Questo numero delle Considerazioni inattuali, primo dopo la pausa estiva, esce listato a lutto. Perché è morta la cultura napoletana, e a pezzo a pezzo se ne va anche quella italiana.
La notizia è dei giorni scorsi: l’Istituto Italiano per gli Studi Filosofici – che il fondatore Gerardo Marotta ha portato avanti per oltre trent’anni utilizzando sporadici finanziamenti pubblici, ma più spesso le sue sostanze personali fino a prosciugarle – chiude i battenti. A cominciare dalla sua monumentale biblioteca: un patrimonio di 300.000 volumi, punto di riferimento nazionale ed europeo per la ricerca filosofica e storiografica è appena stato trasferito – a causa della mancanza dei fondi necessari al pagamento degli affitti – in magazzini, locali e sottoscala di fortuna della provincia napoletana (tra cui Casoria), accatastati alla meglio, ovviamente inaccessibili agli studiosi.

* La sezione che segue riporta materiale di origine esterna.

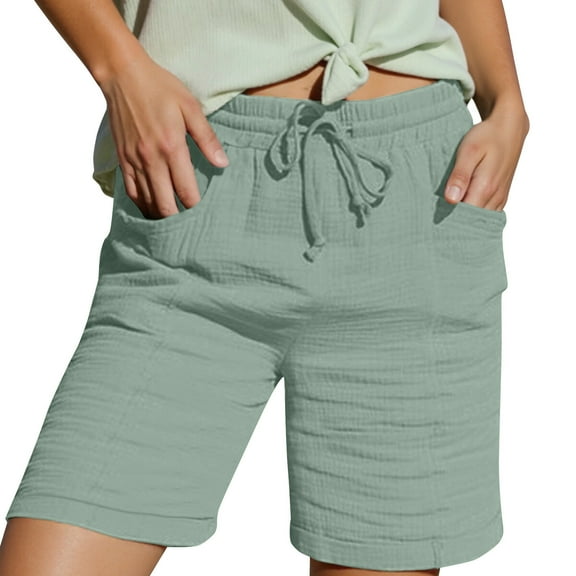 Jamsmile Women Shorts Straight Leg Casual Hot Pants Elastic Waist Drawstrings Sports Loose Shorts Casual Summer Boho Shorts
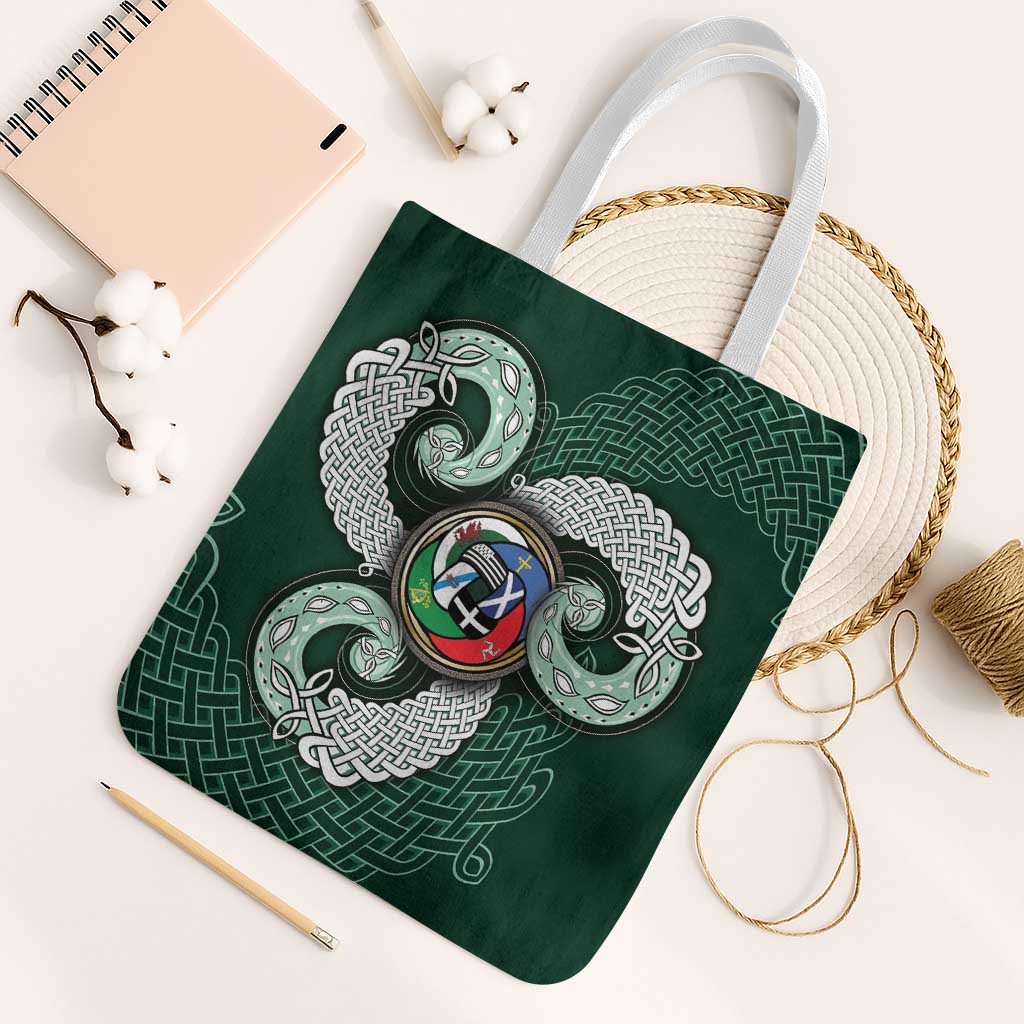 Six Celtic Countries Heritage Tote Bag Green Celtic Knot Triskelion - Wonder Print Shop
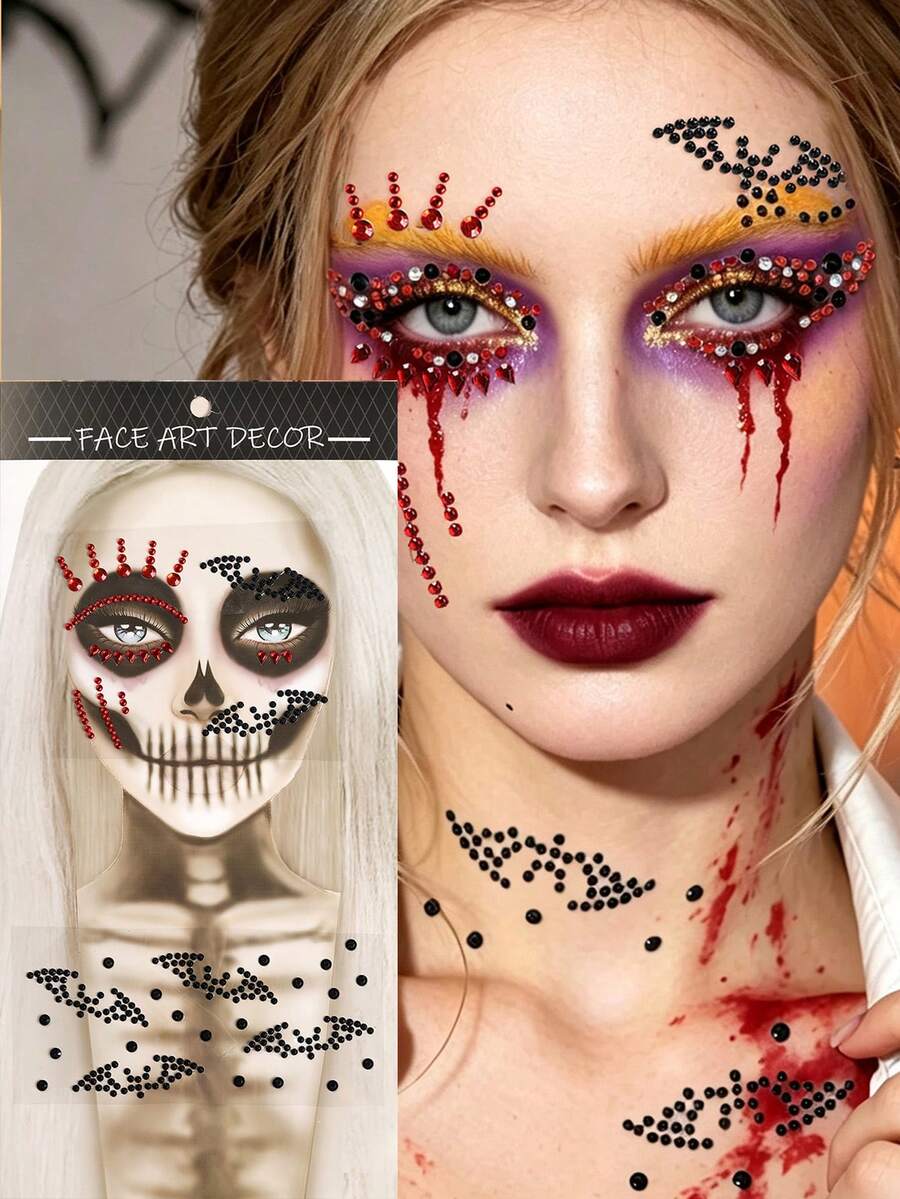 STARTTOOS Miếng dán đá quý trang trí mặt Halloween lễ Phục sinh hóa trang - Miếng dán đá 3D họa tiết dơi trang trí mặt cổ ngực DIY quà tặng trang trí tiệc lễ hội 1 miếng/gói - Nhiều màu - Xem 1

Adesso, dopo decenni di denunce pubbliche dello stato di precarietà delle finanze dell’Istituto, si fanno avanti magnati, mecenati e filantropi dell’ultim’ora che vorrebbero “dare una mano”. Diffidatene: sono i primi assassini della cultura, a Napoli, in Campania, in Italia, nel mondo; l’hanno uccisa a colpi violenti, ripetuti, spietati di sgravi fiscali alle aziende, tagli alla spesa pubblica, dibattiti sulla superfluità epocale della cultura umanistica. Ma non sono i soli: anche noi l’abbiamo uccisa a suon di “meno tasse per tutti”, di esaltazione dell’individuo a scapito della società, di mitizzazione della scienza e dell’istruzione scientifica per i nostri figli.
L’Istituto Italiano per gli Studi Filosofici è morto. Con lui muore un po’ più velocemente la nostra civiltà, la quale – per inseguire le cose più luccicanti ed effimere – dimentica quelle importanti. Per poi piangere quando è troppo tardi. Una prece.